BIPA suggests a possible answer to the question of what is unethical about face recognition. While I realize that a law is not ethics (and vice versa) BIPA hints at one of the ways we can try to unpack the ethics of face recognition. The position suggested by BIPA would go something like this:

  • Face recognition is dependent on biometric data which is extracted from an image or in other form of scan.
  • To collect and store biometric data one needs the consent of the person whose data is collected.
  • The data has to be securely stored.
  • The data has to be destroyed in a timely manner.
  • If there is consent, secure storage, and timely deletion of the data, then the system/service can be said to not be unethical.
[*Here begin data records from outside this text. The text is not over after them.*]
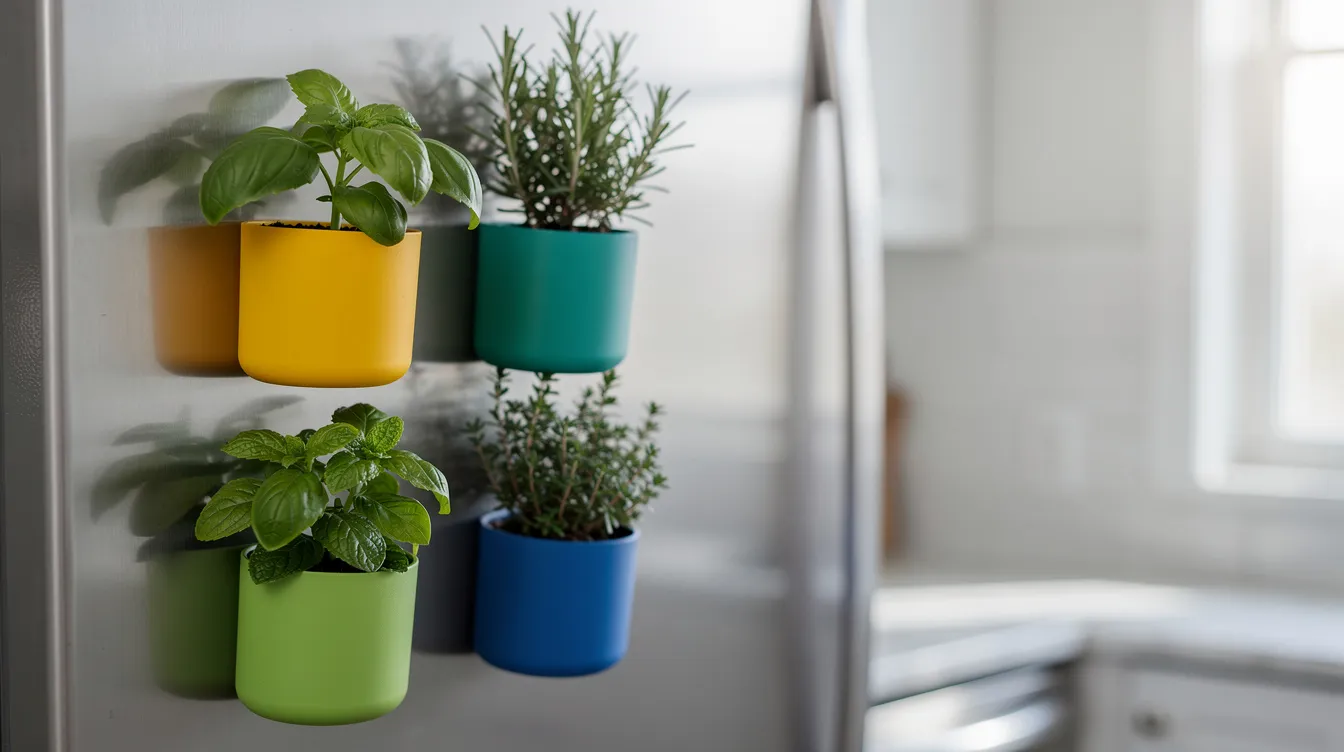 A11bc7ff2c2749dab8504abdee910f17 A close up view of small colorful magnetic planters filled with fresh herbs is attached to a stainless steel refrigerator door creating a vibrant display of greenery This innovative wall planter idea is perfect for small spaces adding a touch of natural decor to your kitchen or living room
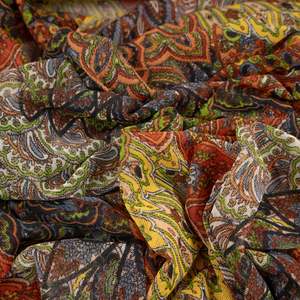 All Fabric: Printed Mesh Deadstock - Feathered Paisley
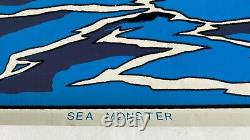 Vintage SEA MONSTER Blacklight Poster #1610 1980 Scorpio NY Velvet Flocked Neon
There are a number of interesting points to be made about this position. First, it is not the gathering, storing and providing access to images of people that is at issue. Face recognition is an ethical issue because biometric data about a person is being extracted, stored and used. Thus Google Image Search is not an issue as they are storing data about whole images while FB stores information about the face of individual people (along with associated information.)

This raises issues about the nature of biometric data. What is the line between a portrait (image) and biometric information? Would gathering biographical data about a person become biometric at some point if it contained descriptions of their person?

Second, my reading is that a service like Clearview AI could also be sued if they scrape images of people in Illinois and extract biometric data. This could provide an answer to the question of what is ethically wrong about the Clearview AI service. (See my previous blog entry on this.)

Third, I think there is a missing further condition that should be specified, names that the company gathering the biometric data should identify the purpose for which they are gathering it when seeking consent and limit their use of the data to the identified uses. When they no longer need the data for the identified use, they should destroy it. This is essentially part of the PIPA principle of Limiting Use, Disclosure and Retention. It is assumed that if one is to delete data in a timely fashion there will be some usage criteria that determine timeliness, but that isn’t always the case. Sometimes it is just the passage of time.

Of course, the value of data mining is often in the unanticipated uses of data like biometric data. Unanticipated uses are, by definition, not uses that were identified when seeking consent, unless the consent was so broad as to be meaningless.

No doubt more issues will occur to me.